### [WORK TO BE COMPLETED]
Using the records below, give again exactly the lines from the line that contains "Immunohistochemistry - GAS6" through the line that contains "Are Inlays and Onlays Better Than Fillings?", both ends included, and only those.

### [EXERCISE DATA]
● ● ● ● ●
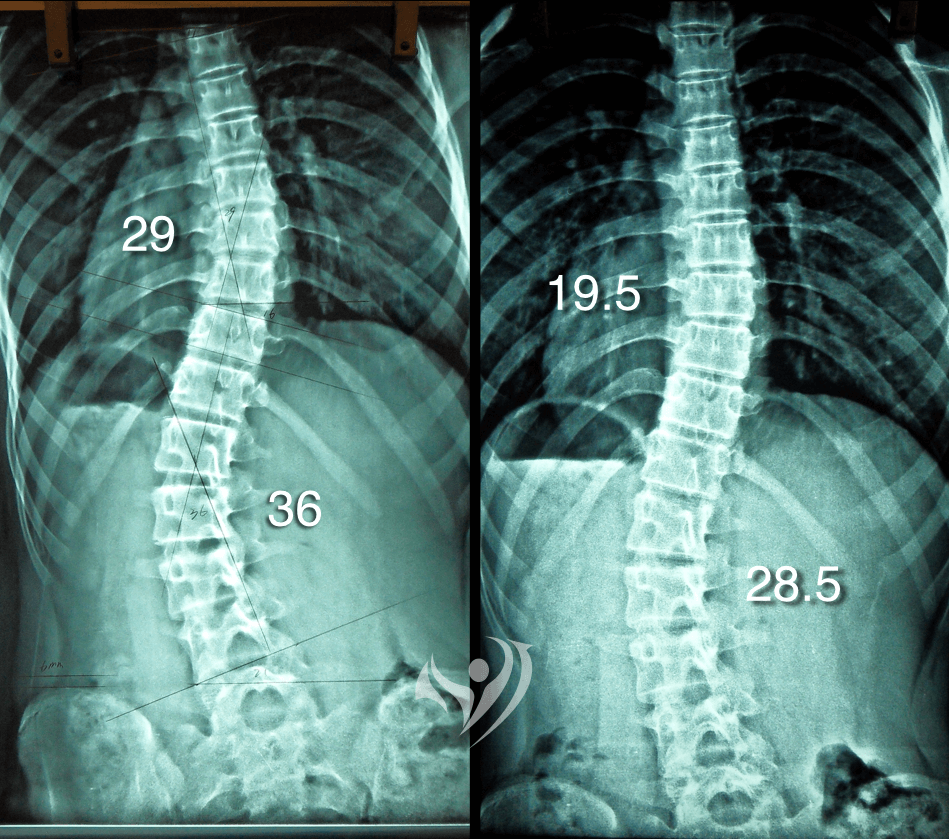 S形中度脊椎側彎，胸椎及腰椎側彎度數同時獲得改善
● ● ● ● ●
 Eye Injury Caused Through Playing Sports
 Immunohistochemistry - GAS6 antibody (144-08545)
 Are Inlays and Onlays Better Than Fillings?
● ● ● ● ●
### [ANSWER SPACE]
 Immunohistochemistry - GAS6 antibody (144-08545)
 Are Inlays and Onlays Better Than Fillings?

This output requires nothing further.